Posts Tagged ‘Taxonomies’

Scientific proof that Reddit should add a tagging system

Tuesday, June 3rd, 2008

First, a disclaimer: the title of this post is obviously exaggerated. Proof is an awfully big word to throw around, and although I employed pretty good experiment design practices and statistical checks, I can’t really prove that Reddit should do this or that. But I can show that what they are doing now is not working, at least when it comes to search.

So, I got an email the other day letting me know that my article, Tagging and Searching: Search Retrieval Effectiveness of Folkonsomies on the World Wide Web, is being published in the July 2008 issue of Information Processing and Management (here’s the official DOI link to the article). In the study I compared search performance between traditional search engines (like Google), subject directories (like Open Directory), and social bookmarking systems (like Reddit) and their folksonomies.

What’s a folksonomy? The word is a play on the term taxonomy - a taxonomy is a system of organizing and categorizing things, like the Dewey Decimal System. Taxonomies usually follow very strict rules and are controlled by experts.

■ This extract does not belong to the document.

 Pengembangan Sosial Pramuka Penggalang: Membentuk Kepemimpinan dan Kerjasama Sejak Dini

A folksonomy is a system of organization built by large numbers of regular users, who add things to the collection, evaluate them, and usually tag them with keywords.

IR-system-precision-1-20

In my study, the social bookmarking systems with tagging systems did surprisingly well - Del.icio.us was more precise than Open Directory, and at a cut off of 20 results it’s precision was fairly close to that of the search engines.

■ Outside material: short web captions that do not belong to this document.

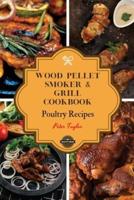 Wood Pellet Smoker and Grill Cookbook - Poultry Recipes
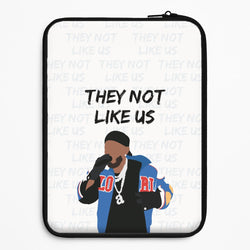 They Not Like Us Universal Laptop Sleeve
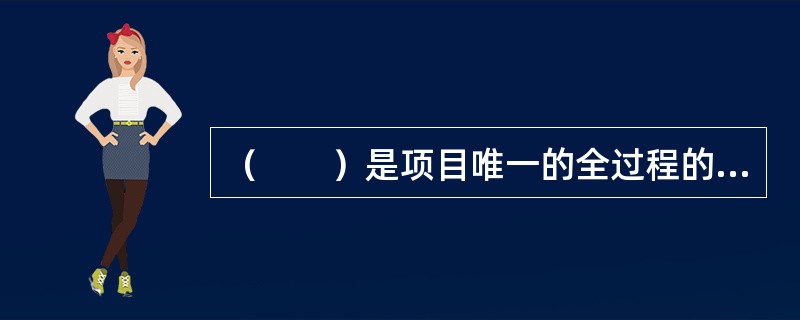 （　　）是项目唯一的全过程的参与者，具有从项目全局与整体看待进度管理的视野，是项目全过程进度管理的主导者。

Reddit, however, did not fare so well. It consistently had the lowest precision, meaning that searches returned very few relevant results. There could be many reasons for this, but the biggest difference between Reddit and the others is the lack of tags.

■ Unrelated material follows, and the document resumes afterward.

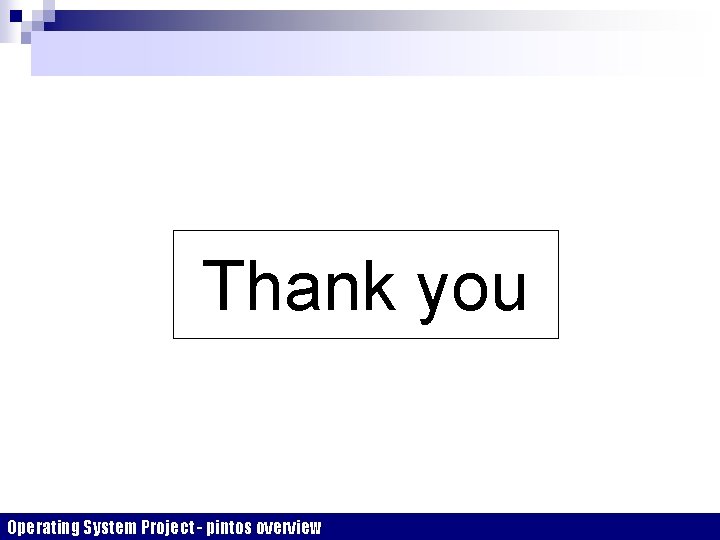 Thank you Operating System Project - pintos overview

Now, it’s possible that the folks at Reddit have no interest in search, or information retrieval in general. I think Reddit is very effective at bringing out new and interesting links on a daily basis and encouraging commentary (just my opinion, no stats to back that up). But I think it’s a big missed opportunity not to add tagging and see where it leads.

(One last disclaimer: this post is my personal opinion as someone who enjoys using Reddit and does not reflect on my employer. This post refers to research done independently as a grad student.)

Sphere: Related Content

Tagging and Searching: Search Retrieval Effectiveness of Folkonsomies on the World Wide Web

Wednesday, October 31st, 2007

To complete my MS in Information Architecture and Knowledge Management at Kent State I did some research on folksonomies and how the can support information retrieval.  I compared social bookmarking systems with search engines and directories.  I’m hoping to see the results published in an academic journal.   In the mean time, you can see a pre-publication copy of my results:

Tagging and searching [pdf, 989K]

Sphere: Related Content

Notes on “Vocabulary as a central concept in Information Science” and additional readings

Thursday, March 18th, 2004

Vocabulary as a Central Concept in Information Science, Michael Buckland (1999)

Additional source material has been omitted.